• **About this task**
For the listing that follows, give again exactly the lines from the one with "Cute Alf Meme" to the one with "Linfield Patriotic Distressed", including both.

• **Records to use**
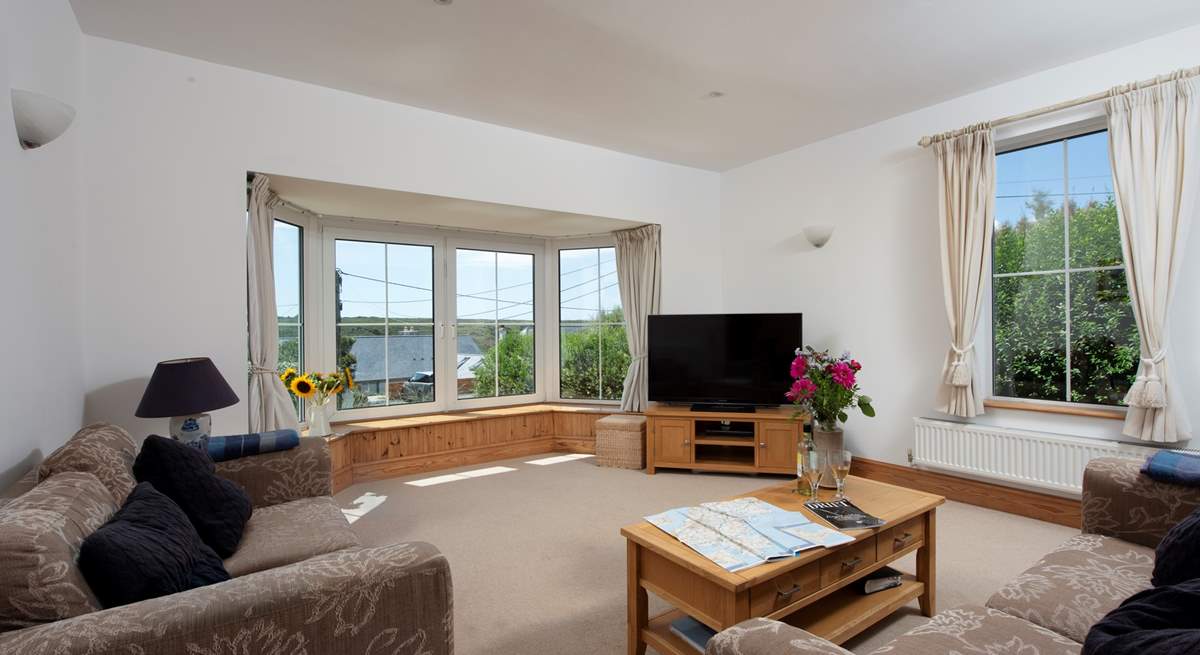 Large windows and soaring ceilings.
--
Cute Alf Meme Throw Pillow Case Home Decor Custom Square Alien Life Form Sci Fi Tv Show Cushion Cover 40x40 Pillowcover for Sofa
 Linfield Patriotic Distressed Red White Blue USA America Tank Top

• **Exercise response**
Cute Alf Meme Throw Pillow Case Home Decor Custom Square Alien Life Form Sci Fi Tv Show Cushion Cover 40x40 Pillowcover for Sofa
 Linfield Patriotic Distressed Red White Blue USA America Tank Top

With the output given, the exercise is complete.